This post is the second and final portion of the review on momentum published on Momentum literature. The seminal article on momentum was published by Jegadeesh and Titman in 1993. Although the Jegadeesh article foreshadowed much of the research on cross-sectional and time series momentum at the stock level, it wasn’t until the mid-to-late-2000s that investigators turned to study momentum at the industry and factor levels. Industry and factor momentum should be viewed as recent developments in the wider momentum story, although these aggregated measures of momentum lack any theoretical foundation.

Momentum: what do we know 30 years after Jegadeesh
and Titman’s seminal paper?

  • Tobias Wiest
  • Financial Markets and Portfolio Management
  • A version of this paper can be found here
  • Want to read our summaries of academic finance papers? Check out our Academic Research Insight category.

What are the research questions?

Consider the behavioral explanation of momentum that argues past winners outperform losers due to mispricing as investors either under- or overreact to news about the stock. Is that explanation sufficient to also explain the co-movement in returns among winners and losers in a future period documented by the research? A new branch of the literature is necessary to capture and describe the factor structure that ties firm-specific momentum together with industry and factor momentum. 

What are the Academic Insights?

There are a number structural drivers of industry and factor momentum that have been proposed or examined in the literature:

1. A channel that drives positive autocorrelation of factor momentum amplified by variability in the stock’s exposure to that factor.  Gupta and Kelly (2019) identified positive first-order autoregressive time-series structures in factors. A factor momentum strategy (combining 65 factors) produced a Sharpe ratio of 0.84, robust to FF risk factors, static factor returns, and industry momentum.  It was not robust to short-term reversals and therefore did not dominate stock-level momentum. Similar results were found by Ehsani and Linnainmaa (2022a), and also document a model of investor persistent sentiment that is sufficient and persistent, investors will mitigate demand beyond that of a rational investor and produce autocorrelation in factor returns. These results are consistent with risk-based explanations because it requires arbitrageurs to continue to carry high systematic risks.

2. A channel whereby autocorrelation in returns is unexplained by factor exposure. The research is split on whether or not factor momentum subsumes all other momentum structures including cross-sectional momentum, industry momentum and intermediate horizon momentum. In some cases (Blitz et al. (2011)), found residual return measures of momentum outperform raw return measures and conclude firm-specific events drive momentum and not autocorrelated factors. There is consistent evidence that 1-year stock momentum is largely driven by factor momentum (Ehsani and Linnainmaa, 2022a, Arnott et al. 2021). However the question why stock returns reverse in the short-term, whereas monthly factor returns exhibit strong positive first-order autocorrelation remains unanswered.

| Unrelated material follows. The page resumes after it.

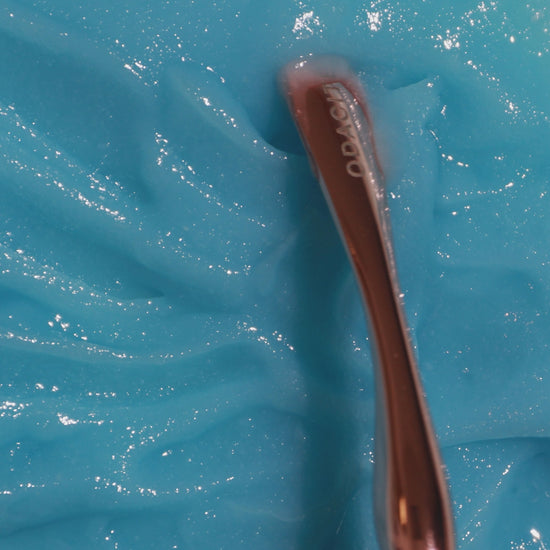 Le Blue Balm texture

3. Most of the research on industry momentum concludes that stock momentum is only partially driven by industry momentum.  However, the positive results that do occur to industry momentum strategies were subject to the use of a 1-month look-back and 1-month holding period.  Overall, it is much too early to declare industry momentum as anything but a very small source of stock momentum.

Why does it matter?

The empirical evidence on momentum developed over the last 30 years has served to provide a theoretical foundation for reliable and profitable investment strategies implemented across a variety of asset classes. The average monthly return across geographies and assets are presented in Figure 1. They range from 0.41% for US equity to a high of 1.22% for Commodity futures. While those numbers do not account for industry or factor forms of momentum, they at least tell a theoretically sound story as either a behavioral bias or a systematic risk factor. With factor and industry momentum, we also observe significant strategy returns but without an accompanying theoretical explanation. Certainly, reason enough for factor or industry momentum to remain a prominent topic in finance in the future. There are a number of open questions. For instance, why do momentum stocks rise and fall in unison in future periods if there is no pervasive systematic risk in common? Do the factor structures common to individual stocks differentiate between behavioral biases or risk-based explanations of momentum? Or what is the extent to which momentum in stocks is driven by an exposure to systematic risk factors, industry factors, or firm-specific events, all of which themselves exhibit serial correlation.

The most important chart from the paper

The results are hypothetical results and are NOT an indicator of future results and do NOT represent returns that any investor actually attained.  Indexes are unmanaged and do not reflect management or trading fees, and one cannot invest directly in an index.


For over 30 years, extensive research has found corroborating evidence that past winners continue to yield higher returns than past losers. This momentum effect is robust across various asset classes and across the globe and presents perhaps the most pervasive contradiction of the efficient market hypothesis. This article reviews three strands of literature on momentum. First, I outline the construction of momentum strategies, emphasizing improvements and alternatives such as time-series momentum, residual momentum, and risk-managed momentum. Second, I summarize the most prominent behavioral-based and risk-based explanations for the origin of momentum. Finally, I present in detail the findings on commonality in stock momentum, namely on industry and factor momentum.